In aghast honesty, I've never been a huge fan of this band, but will say that I respect some of their work, especially this one. I like some brutal death metal which is what they represent - well established in the metal community for the past several years in existence. 'Gallery of Suicide' captures their brutal death sound with chunk laden guitar activity whizzing all in various arrays of significance. From beginning to finish these guys hit home here with a solid, well put together album. They take their guitars and tune them down to B-flat, making that heavy, distorted sound with musical compositions that embrace you alongside George "Corpsegrinder" Fisher's lyrical tyranny including a vocal onslaught.
What distinguishes this album from their previous others is the fact that it touches on major musical progression featuring compilations of sounds that include heavy palm-muted riffs with tremolo (fast) picking, tapping sequences on the fretboard, innovation of ideology in composing musical supposition and genuinely original extremity of idealization. Their earlier work featured more thrash oriented licks alongside deeper vocals as there was a different vocalist (Chris Barnes) and they seemed to have experimented a lot - their first 3 albums were brutal death metal like this, but the musical style meaning their combining thrash metal guitar with death voice changed on 'The Bleeding' (1994) and on here is different also. Not only did they change vocalists for the better, they thickened their whole entire sound.
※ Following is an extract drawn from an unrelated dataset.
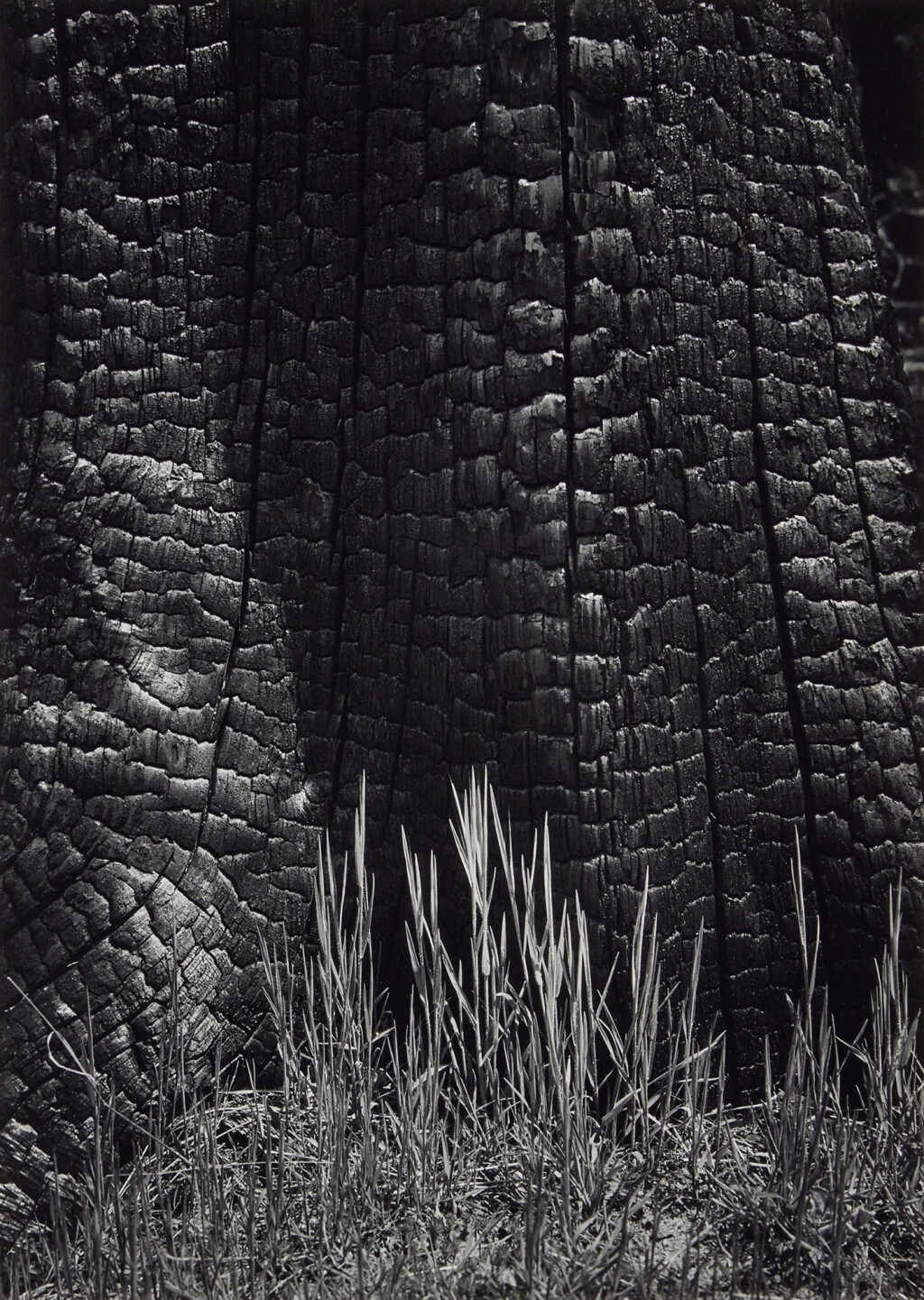 View full screen - View 1 of Lot 72. ‘Burnt Stump and New Grass, Sierra Nevada’.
The band I would say progressed, sort of regressed then progressed again especially on here. I didn't bother reading any of the current reviews of this album, just the ratings and my contention is that musically this album features something that is quite moving - a progression, not only with the music, but variation on the vocals as well. You get their thick and heavy sound which most songs here contain fast paced phenomenon, but also catch the listener off-guard with a slow instrumental. There is a combination of intensity, brilliance in the riff-writing, aggressive vocals spewing out gore lyrics, and drum-work that's tight which fits with the music as well as the final outro on the album.
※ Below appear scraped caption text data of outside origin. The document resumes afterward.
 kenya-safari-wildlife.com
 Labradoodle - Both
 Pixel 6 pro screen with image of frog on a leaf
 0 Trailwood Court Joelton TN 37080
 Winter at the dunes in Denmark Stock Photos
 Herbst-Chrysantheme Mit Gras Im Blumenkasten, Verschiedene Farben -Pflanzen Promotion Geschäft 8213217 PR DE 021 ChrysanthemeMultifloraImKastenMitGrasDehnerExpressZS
Essence is key when writing successful albums - here, Cannibal Corpse gives you that. The production quality was magnificent and the music was entirely original. Taking influences on extreme music then conducting songs that seem to entice a number of listeners, making the fans look at brutal death metal in a whole different category... a category that is in a league of its' own. You can hear everything going on here including the guitars, the drums, the vocals and the sound in the recording came out triumphant. This is one underrated album. I don't see why the scores here are in the lower range because it deserves so much more. I'm not saying flattery, I'm saying recognition.
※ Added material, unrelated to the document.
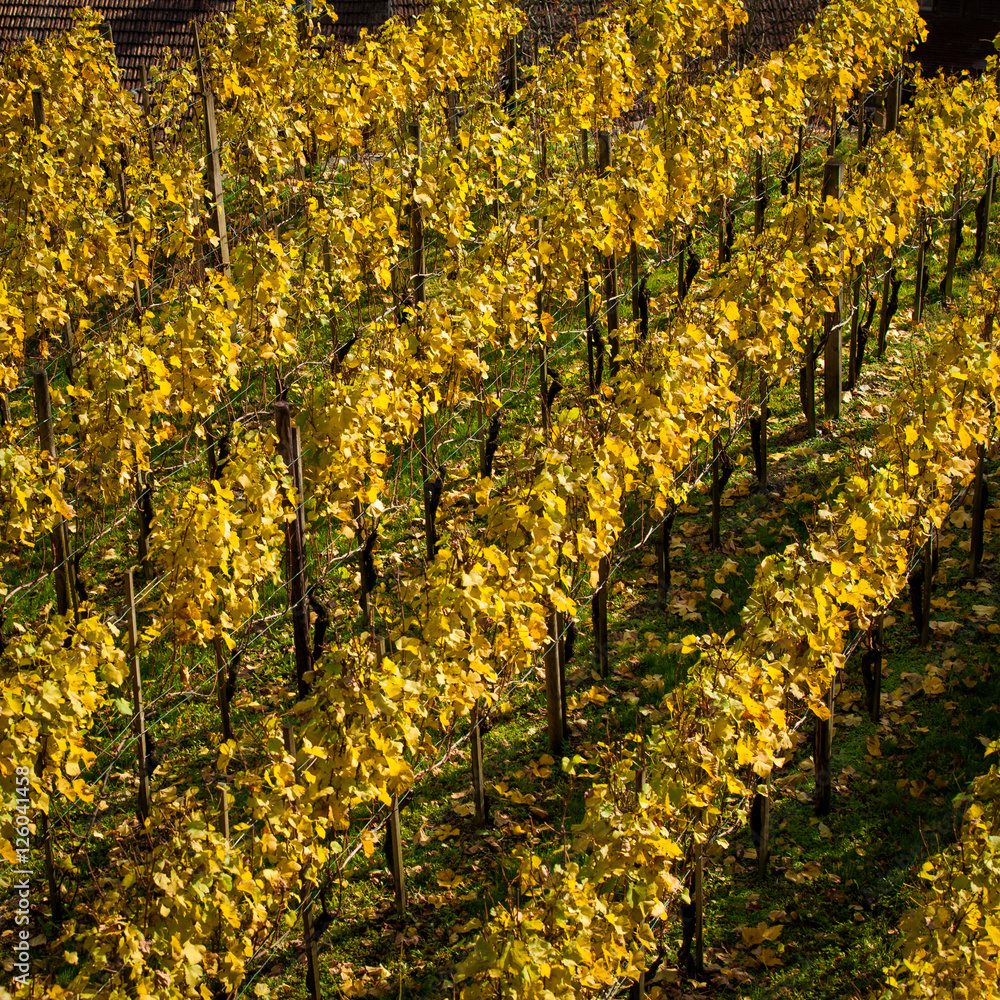 Vineyard on autumn season. Grape field Vineyard on autumn season. Grape field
This one is NOT boring, but interesting. Lyrically it has no value to me, but musically it covers a heathen of dynamics and inspirational riffs especially for guitarists. This is one to own that will not, cannot be dull and if it is to that particular listener, then this band is not for you. The music on here captures all different avenues of musical triumph - originality, intelligibility, technicality and variety. I think this band with this album can inspire because the music is what is so owning to the listener. What exists in the brutal death metal community is 'Gallery of Suicide', a triumph in musical exploratory genius. These guys slay and this album should be owned by all fans because it's in a league of its' own!